● Work request
Everything in the listing below should be repeated exactly, apart from the pictures.

● Listed records
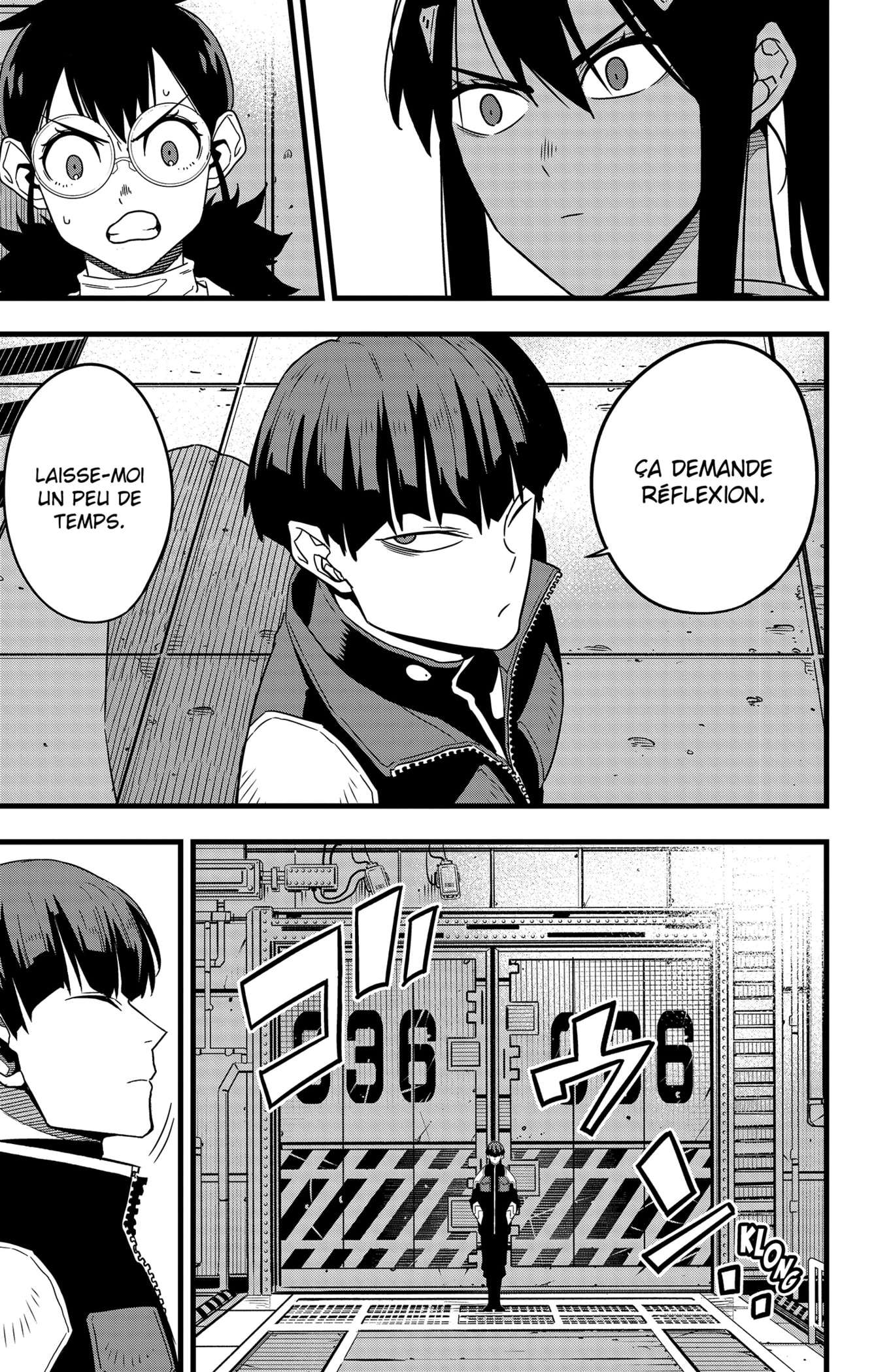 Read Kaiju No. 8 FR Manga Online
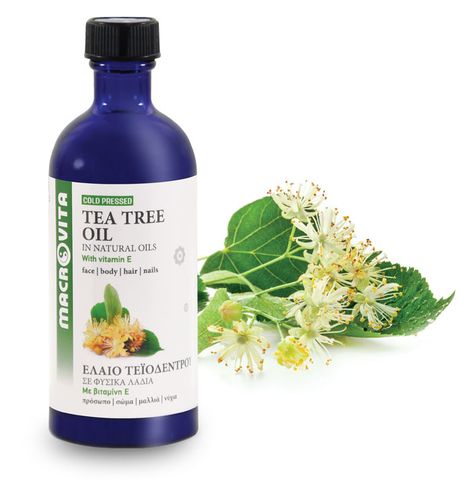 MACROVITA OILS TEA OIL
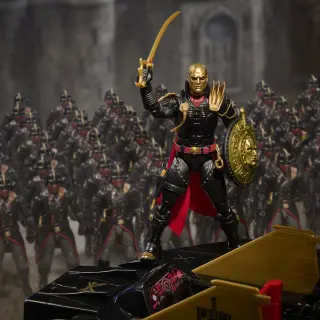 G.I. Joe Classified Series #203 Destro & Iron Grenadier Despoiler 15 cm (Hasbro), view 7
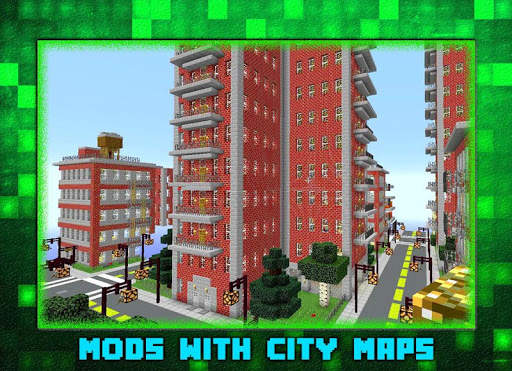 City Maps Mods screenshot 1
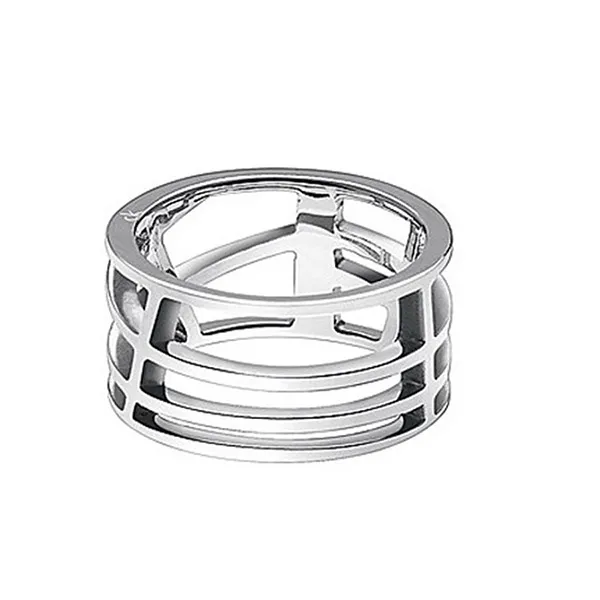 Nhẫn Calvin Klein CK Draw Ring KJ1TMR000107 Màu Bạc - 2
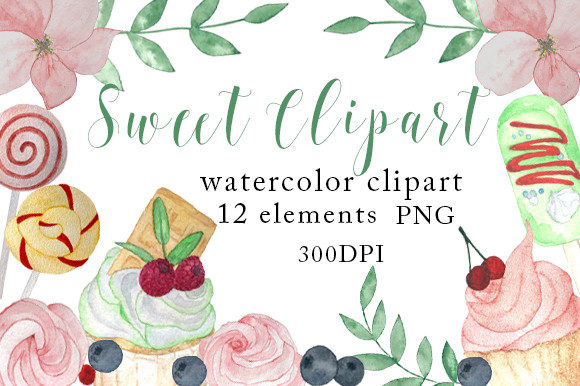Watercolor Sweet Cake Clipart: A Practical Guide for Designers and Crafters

● Written solution
 Read Kaiju No. 8 FR Manga Online
 MACROVITA OILS TEA OIL
 G.I. Joe Classified Series #203 Destro & Iron Grenadier Despoiler 15 cm (Hasbro), view 7
 City Maps Mods screenshot 1
 Nhẫn Calvin Klein CK Draw Ring KJ1TMR000107 Màu Bạc - 2
Watercolor Sweet Cake Clipart: A Practical Guide for Designers and Crafters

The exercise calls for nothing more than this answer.